*** DATA SECTION ***

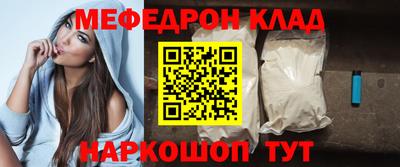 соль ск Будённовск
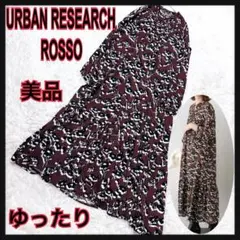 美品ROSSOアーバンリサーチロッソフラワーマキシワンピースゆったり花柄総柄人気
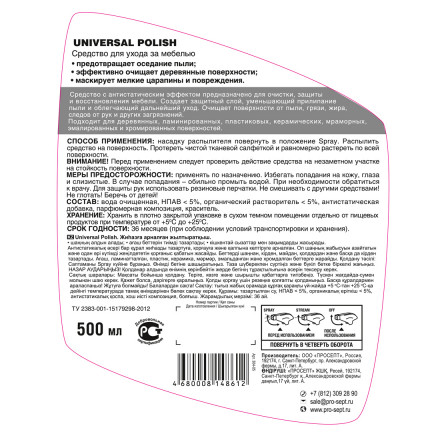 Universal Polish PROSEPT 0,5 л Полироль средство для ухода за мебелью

*** End of DATA SECTION ***
*** DATA SECTION ***

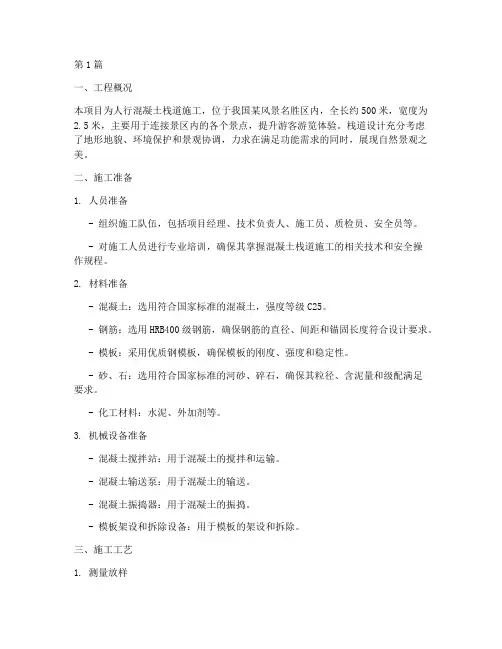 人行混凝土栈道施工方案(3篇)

*** End of DATA SECTION ***

## EXERCISE BRIEF
Word for word, write out the lines above running from the one with "соль ск Будённовск" up to and including the one with "Universal Polish PROSEPT". Drop any picture.

## RESPONSE FOR THIS EXERCISE
 соль ск Будённовск
 美品ROSSOアーバンリサーチロッソフラワーマキシワンピースゆったり花柄総柄人気
 Universal Polish PROSEPT 0,5 л Полироль средство для ухода за мебелью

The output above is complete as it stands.